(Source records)
.....
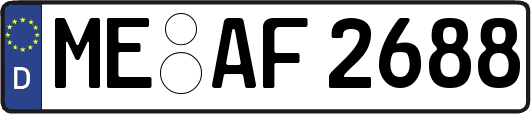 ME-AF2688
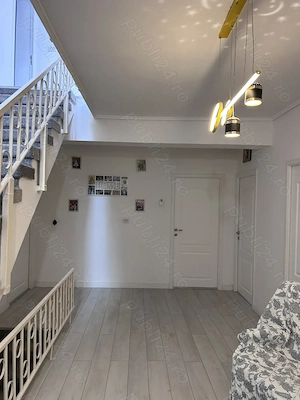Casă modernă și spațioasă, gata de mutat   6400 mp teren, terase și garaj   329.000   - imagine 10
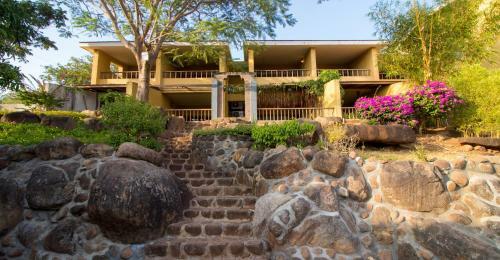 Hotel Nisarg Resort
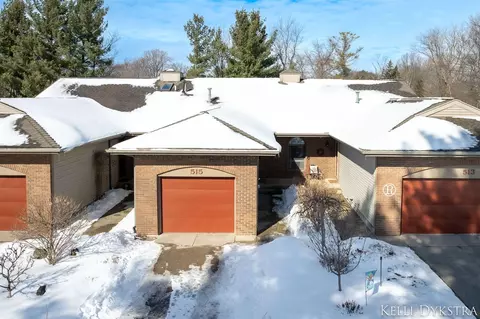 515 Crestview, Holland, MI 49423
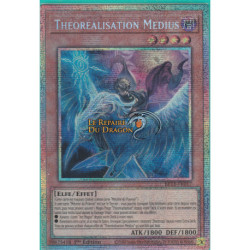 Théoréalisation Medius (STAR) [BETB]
.....
Problem:
Give back the entries verbatim but drop every picture.

Answer section:
 ME-AF2688
Casă modernă și spațioasă, gata de mutat   6400 mp teren, terase și garaj   329.000   - imagine 10
 Hotel Nisarg Resort
 515 Crestview, Holland, MI 49423
 Théoréalisation Medius (STAR) [BETB]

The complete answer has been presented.